Livesey is a civil parish in the unitary borough of Blackburn with Darwen, in the ceremonial county of Lancashire, England. The population of the civil parish at the 2011 census was 6,202.

==Toponymy==
Its name likeliest came from Old English Lēofes īeg = "Lēof's island" or Lēofsiges īeg = "Lēofsige's island", where, as often in place names of Old English origin, "island" here means "low-lying flat land by a river" (here the River Darwen).

==Location==
Lying to the south west of Blackburn, Livesey contains most of the suburb of Cherry Tree, including its railway station and the majority of the village of Feniscowles.

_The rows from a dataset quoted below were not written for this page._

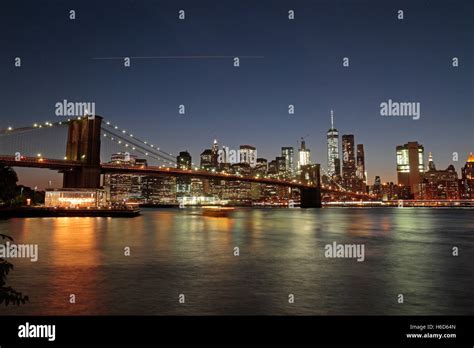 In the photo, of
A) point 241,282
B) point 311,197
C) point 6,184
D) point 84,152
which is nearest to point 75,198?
point 84,152

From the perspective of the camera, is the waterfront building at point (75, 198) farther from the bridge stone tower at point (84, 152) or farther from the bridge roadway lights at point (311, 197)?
the bridge roadway lights at point (311, 197)

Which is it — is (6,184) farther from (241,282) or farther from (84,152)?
(241,282)

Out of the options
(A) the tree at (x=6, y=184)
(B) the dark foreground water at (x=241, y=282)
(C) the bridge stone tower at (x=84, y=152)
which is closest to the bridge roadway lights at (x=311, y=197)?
(C) the bridge stone tower at (x=84, y=152)

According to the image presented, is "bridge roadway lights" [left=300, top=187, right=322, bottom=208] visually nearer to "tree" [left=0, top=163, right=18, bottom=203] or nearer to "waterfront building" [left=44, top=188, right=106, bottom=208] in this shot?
"waterfront building" [left=44, top=188, right=106, bottom=208]

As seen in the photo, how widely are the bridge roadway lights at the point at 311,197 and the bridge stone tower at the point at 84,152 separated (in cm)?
5881

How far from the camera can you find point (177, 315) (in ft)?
29.0

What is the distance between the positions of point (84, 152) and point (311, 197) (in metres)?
64.6

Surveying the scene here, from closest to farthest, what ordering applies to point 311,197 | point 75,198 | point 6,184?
point 6,184, point 75,198, point 311,197

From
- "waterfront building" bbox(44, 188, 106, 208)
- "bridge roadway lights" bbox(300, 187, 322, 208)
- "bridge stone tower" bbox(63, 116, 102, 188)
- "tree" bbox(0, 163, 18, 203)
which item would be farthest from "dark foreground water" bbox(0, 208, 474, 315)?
"bridge roadway lights" bbox(300, 187, 322, 208)

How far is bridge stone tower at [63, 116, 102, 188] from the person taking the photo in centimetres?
6275

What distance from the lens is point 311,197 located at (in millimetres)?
107375

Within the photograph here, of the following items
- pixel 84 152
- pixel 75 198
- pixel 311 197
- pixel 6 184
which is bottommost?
pixel 311 197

Despite the name of the parish, most of the suburb of Livesey, including the council estate, is outside the parish. The southern boundary follows the route of the M65 motorway, other major roads in the parish are the A6062 Livesey Branch Road and the A674 Preston Old Road. Livesey Hall, built in 1605 was situated in the Cherry Tree area but was demolished in 1968. Brief attempts to mine coal in a field to the west of the site of the Hall were made between 1854 and 1859. All that remains to be seen of this endeavour is the cap of one of the shafts. The parish formed one parish with Tockholes until 1688.

The Anglican parish church of St Andrew was founded in 1877. Services are every Sunday at 9.30.

New Row Methodist church was founded in 1828.